There are a few possibilities here:

  1. x could become a “passthrough” BatchedTensor0 whose __torch_dispatch__ no longer calls batching rules and instead just invokes regular PyTorch operations. This can be done by directly mutating BatchedTensor0, replacing its torch dispatch with a new passthrough one.
  2. x could become a “dead” BatchedTensor0 that just yells whenever it gets used. If this is the case the user should really return x.elem().
3 Likes

Follow-up: Level ordering should NOT be done via subclassing

Previously, we proposed that subclassing could be used to mediate ordering for subclasses, leading to subclass hierarchies that look like this:

class BatchTensor0:  # from outer vmap
    wrapped: Tensor
    @staticmethod
    def __torch_dispatch__(...): ...

class BatchTensor1(BatchTensor0):  # from inner vmap
    wrapped: Union[Tensor, BatchTensor0]
    @staticmethod
    def __torch_dispatch__(...): ...

However, having BatchTensor1 inherit from BatchTensor0 is actually quite questionable. Remember that subclassing does multiple things:

  1. It affects the order in which we dispatch to classes (good!)
  2. You inherit fields from the superclass (bad!)
  3. You inherit methods from the superclass (bad!)
  4. It implies isinstance relationships (bad!)

There is really only one reason to subclass (ordering); all other things that happen due to subclassing are unwanted and lead to unintuitive behavior, like isinstance(BatchTensor1(), BatchTensor0) (did you really expect this?!) or like a super() call in BatchTensor1 going to BatchTensor0 (this is never what you want).

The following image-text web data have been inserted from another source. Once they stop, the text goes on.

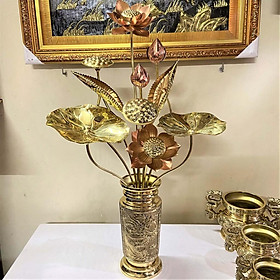 Mua Hoa Sen Thờ Cúng Bằng Đồng cao 70cm  Lọ Hoa Đồng cao 26cm
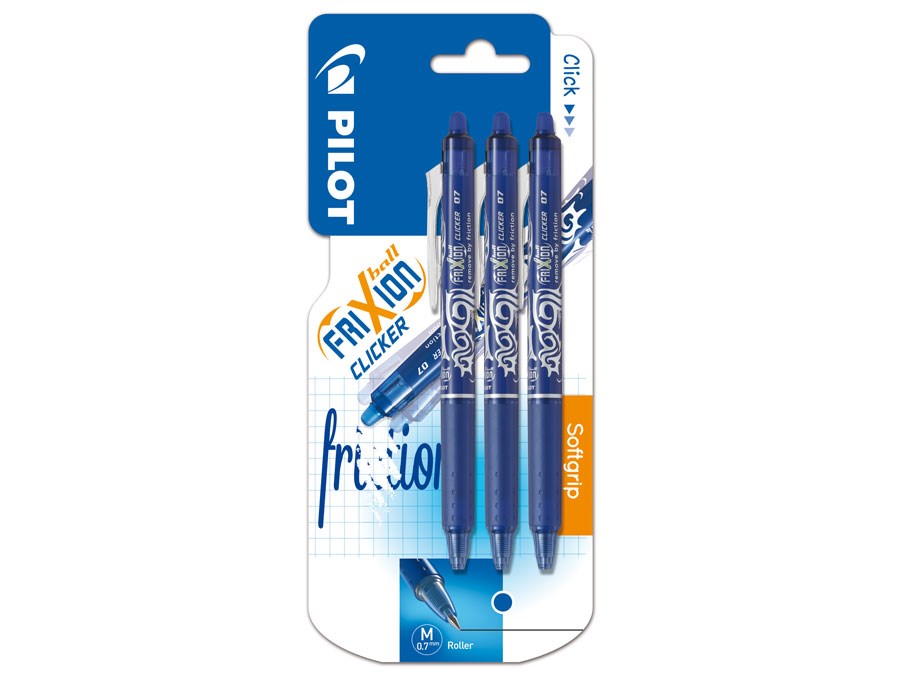 Pilot Frixion Clicker m/klik 0,7 blister blå (3)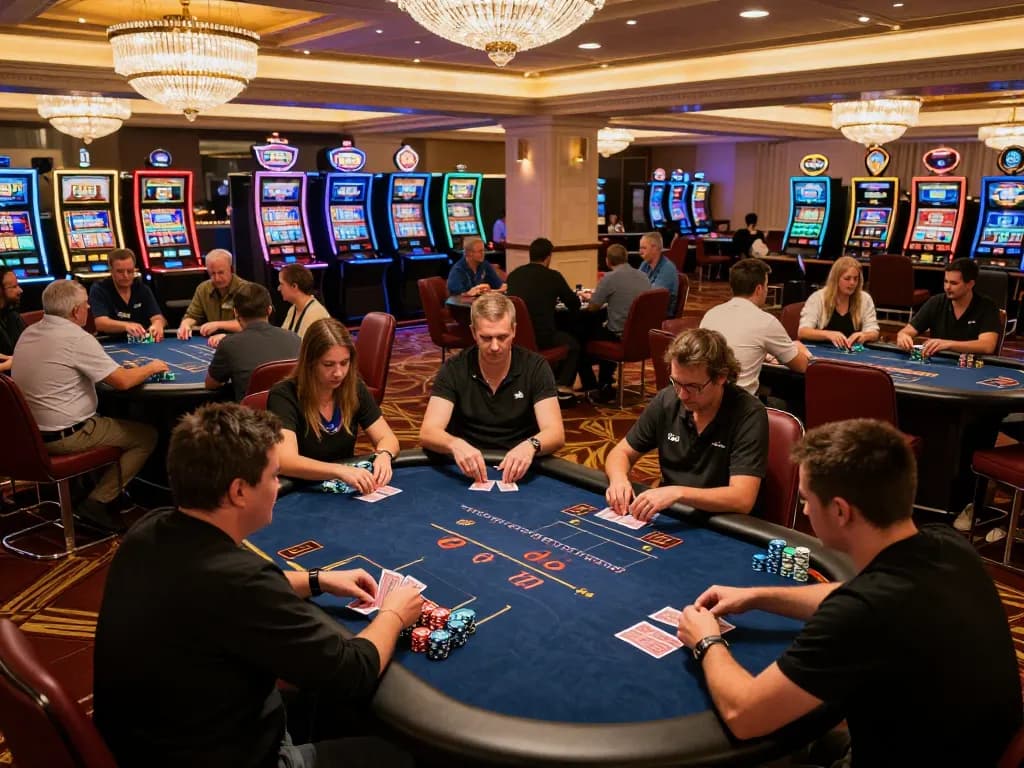 Players strategizing at TG88 poker tables with vibrant casino atmosphere during gameplay.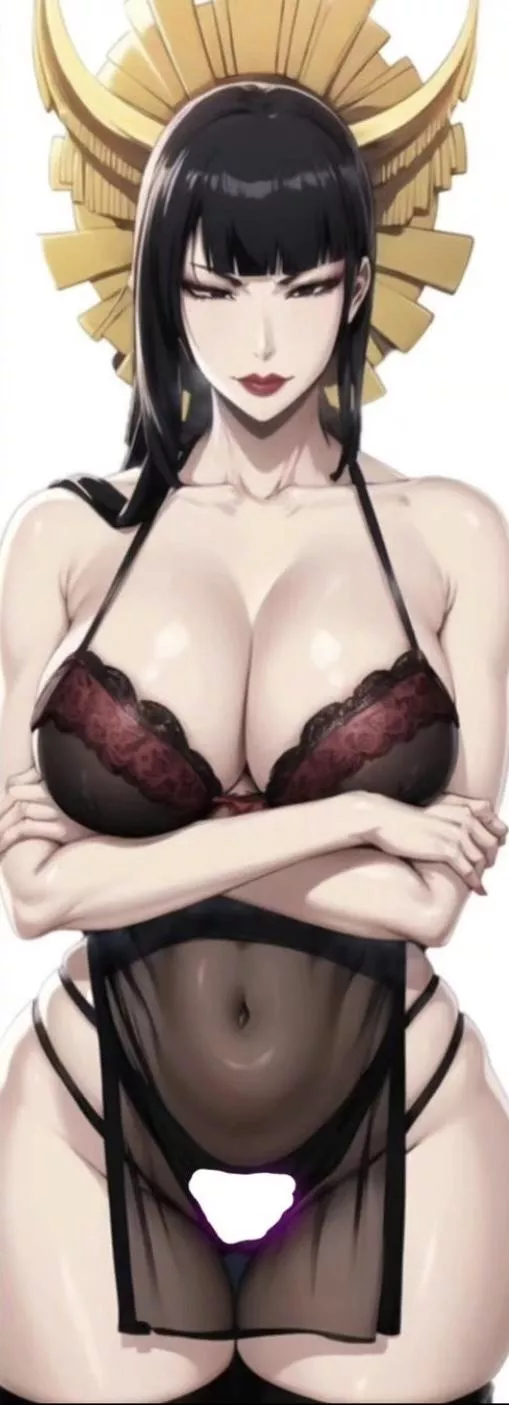 LF Color Source: 1girl, Senjumaru Shutara, white background, black hair, long hair, bangs, hime cut, large breasts, underwear, lingerie, gold headdress, makeup, lipstick, crossed arms, exposed stomach, looking at viewer
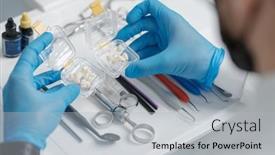  Presentation with dental veneers - PPT theme having transparent-transportation-box-with-veneers background and a light gray colored foreground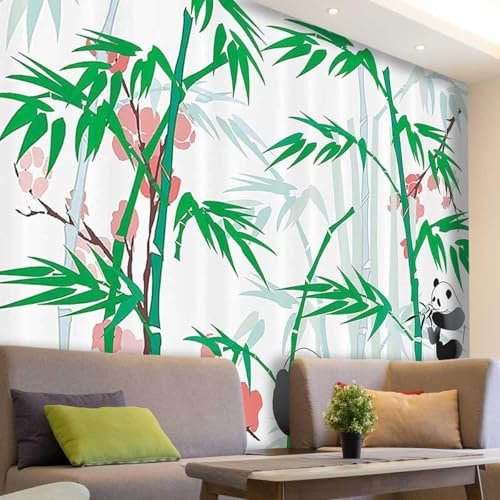 Fotomurales Decorativos Pared Chino 200x140 cm Papel Pintado Tejido No Tejido Flores de Bambú Fotomural 3D Mural Paredes Papel Tapiz Decoración Salón o Dormitorio a.7882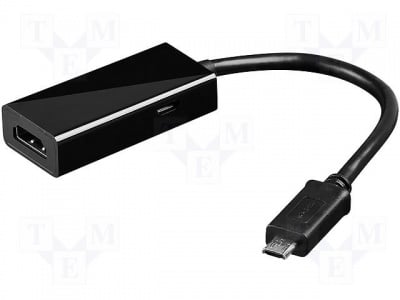 Кабелен адаптер MHL.05 Адаптер MHL; HDMI гнездо, USB B micro щепсел; 0,06m; черен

So what it really seems like is you want some unrelated mechanism to handle ordering. Amazingly, this can be done entirely in userland:

class BatchTensor0(BatchTensor):  # from outer vmap
    next_type: Type = Tensor
    wrapped: Tensor
    @classmethod
    @functorch_composable
    def __torch_dispatch__(cls, func, types):
        """
        if any(happens_before(t, cls) for t in types):
            return NotImplemented
        """
        ...

class BatchTensor1(BatchTensor):  # from inner vmap
    next_type: Type = BatchTensor0
    wrapped: Union[Tensor, BatchTensor0]
    @classmethod
    def __torch_dispatch__(cls, func, types):
        if any(happens_before(t, cls) for t in types):
            return NotImplemented
        ...

Essentially, each class participating in “functorch” does a scan through all types and tries to see if they are the child of all the other tensors participating in the operator call. If they are, that means that they are the latest level, and they should execute. Otherwise, they should return NotImplemented, and eventually we will dispatch to the correct __torch_dispatch__. This is less efficient than having been handled in C++ (because we have to useless dispatch to a bunch of __torch_dispatch__ before we get to the correct one) but maybe we can setup some sort of optimization for this case.

Follow-up 2: You don’t even need tests in torch dispatch

In Python Mode ([Reland] Add python mode by zou3519 · Pull Request #64360 · pytorch/pytorch · GitHub) Richard Zou adds support for a Python Mode that lets you override the meaning of all operators, without needing to have a data dependent flow into the type in question. Although the pull request only handles a single Python mode, the scheme generalizes to handle a stack of Python modes. Python modes participate in __torch_dispatch__ resolution by simply adding some more types to the set of overloaded types that we consider when doing multiple dispatch.

This means that we don’t even need to worry about making sure our classes run in the correct order: when we dispatch to them one-by-one via their modes, the modes handle making sure that we execute them in the right order. By the time we finish with all the modes there are no more functorch tensors around, and you can handle base behavior as you like.

This means that torch dispatch testing, while hypothetically it could be very intricate, in practice only needs to be good enough to resolve some simple precedence issues in mixed dispatch cases, and we can just assume the dispatch here just won’t be that complicated (and therefore avoid falling off the crazy complicated multi-dispatch OO cliff.)